I would be interested know if there exist (and construct)

  • a function $f:\mathbb N\times \mathbb N \to (0,\infty )$ such that for all integers $p,q$, $f(p,q)=f(q,p)$ and

  • a constant $C>0$,

such that, for all $p,p',q,q',k\in\mathbb N$ with $k\leq p$ and $k\leq q'$, $$ \frac{p!q'!}{k!(p-k)!(q'-k)!}\frac{f(p+p'-k,q+q'-k)}{f(p,q)f(p',q')}\leq C\,.$$ Do you have any idea?

EDIT:

This problem has no solution, see the comments.


Remarks:

  • The assumption $f(p,q)=f(q,p)$ could eventually be dropped.
  • Until now I just tried a naive approach by trying some functions as $f(p,q)=p!q!$, $f(p,q)=2^{p+q}$, $f(p,q)=2^{-p-q}$, etc., and got nothing very interesting.

Motivation:

This problem comes from the consideration of the algebra $$\mathcal A:=\bigoplus_{p,q\geq0}\mathcal L (\mathcal Z^{\otimes_sp},\mathcal Z^{\otimes_sq})$$ for a product $\sharp$ called the Moyal product. I was interested in building a norm for $\mathcal A$ which would make it a Banach algebra. And where the norm would have been of the form $$\|(x_{p,q})_{p,q}\|_\mathcal A := \sum_{p,q} f(p,q)\|x_{p,q}\|_{\mathcal L (\mathcal Z^{\otimes_sp},\mathcal Z^{\otimes_sq})}$$ for $(x_{p,q})_{p,q}\in\mathcal A$.

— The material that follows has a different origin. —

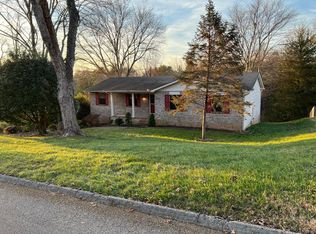 1420 Buxton Dr, Knoxville, TN 37922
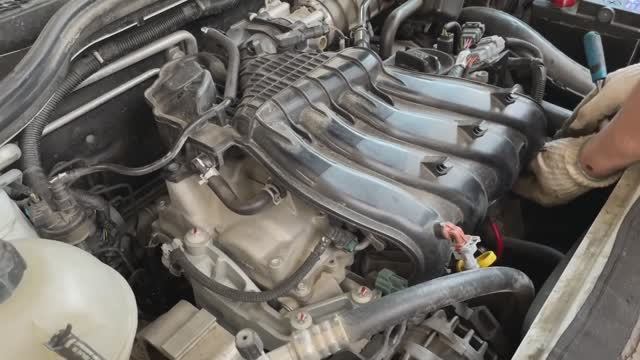 Веста 1.6 (H4m) CVT присутствую на ТО-2. Замена Свечей и Импортозамещение! смотреть онлайн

For a Banach algebra you have the condition $$\|(x_{p,q})_{p,q}\sharp (x'_{p,q})_{p,q}\|\leq \|(x_{p,q})_{p,q}\| \,\|(x'_{p,q})_{p,q}\|\,$$ but in fact it is enough to construct a norm such that $$\|(x_{p,q})_{p,q}\sharp (x'_{p,q})_{p,q}\|\leq C\|(x_{p,q})_{p,q}\| \,\|(x'_{p,q})_{p,q}\|\,$$ for some constant $C>0$ to know that a norm satisfying the condition above exists.

And that is this last relation expressed in terms of the coefficients $f(p,q)$ which led to the problem above.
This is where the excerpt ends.